Final answer:
Rutherford's model couldn't explain the specific wavelengths of light an atom emits, implying electrons should collapse into the nucleus, which does not happen. Niels Bohr resolved this by proposing quantized orbits for electrons. His model explained hydrogen's spectrum but later models showed that specific orbits were a simplification.
Step-by-step explanation:
The Problem with Rutherford's Model and Bohr's Solution
The problem with Rutherford's atomic model was that it could not explain why atoms emit light at specific wavelengths or frequencies. This issue is rooted in the fact that, according to Maxwell's theory of electromagnetic radiation, electrons changing their path should emit energy. In a planetary model, this would lead to the electrons spiraling into the nucleus, resulting in the atom collapsing. This clearly does not happen in reality, as we do not observe atoms spontaneously collapsing. Moreover, the model couldn't describe the unique atomic spectra of different elements, which are like their fingerprints in terms of light emission.
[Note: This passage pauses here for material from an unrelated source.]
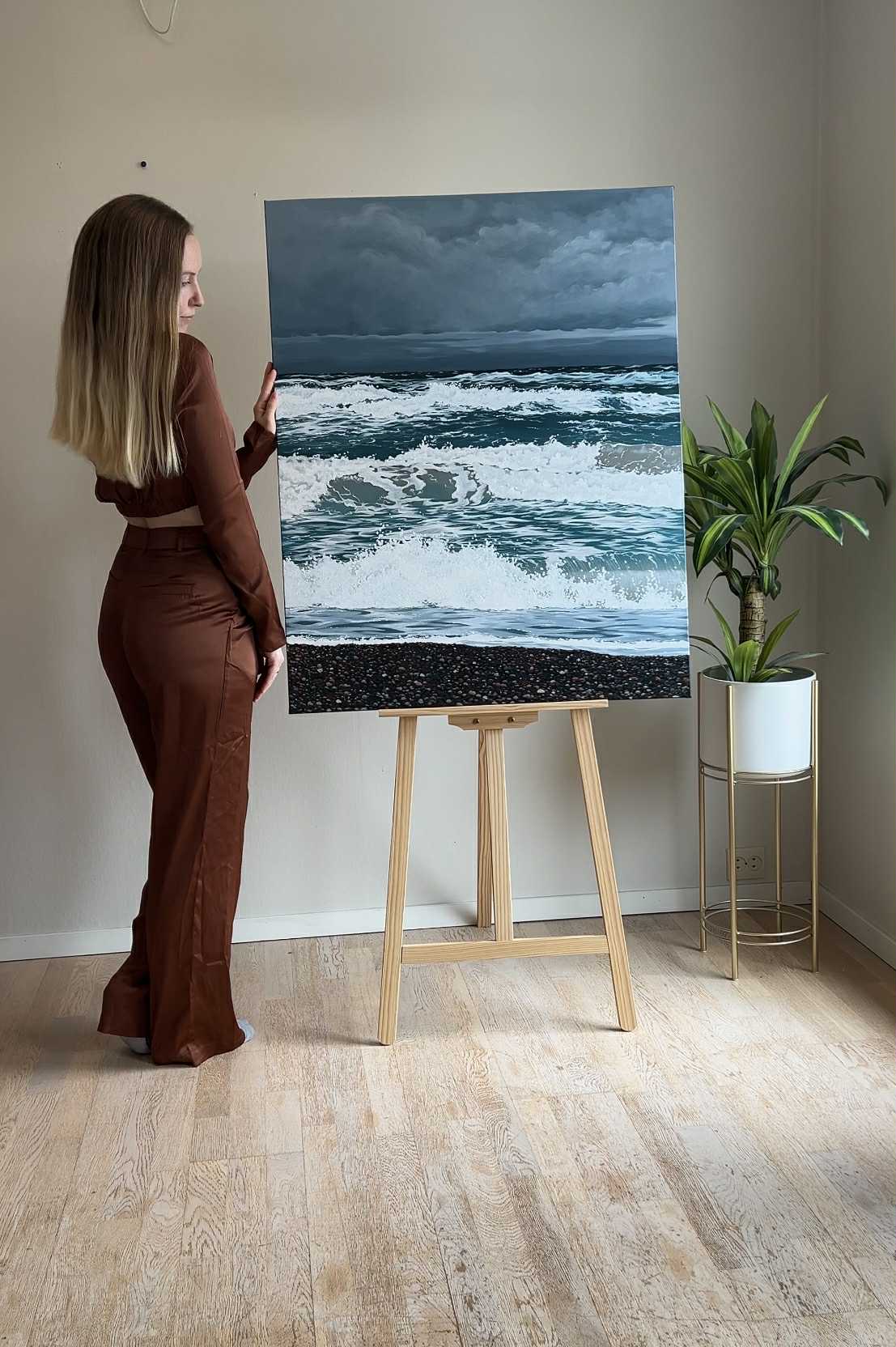 Ocean winds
Niels Bohr resolved this by suggesting that electrons can only orbit the nucleus in certain quantized orbits or energy levels. By doing so, he explained the atomic spectrum of hydrogen and established new principles in quantum mechanics that allowed for only specific energy levels and corresponding spectral lines, thus avoiding the paradox of the atom collapsing.
Unfortunately, Bohr's model had its own limitations, as it could not be extended to more complex atoms such as helium, and it still held on to the idea of specific orbits which later quantum mechanics showed to be a simplification not fully consistent with the behavior of subatomic particles.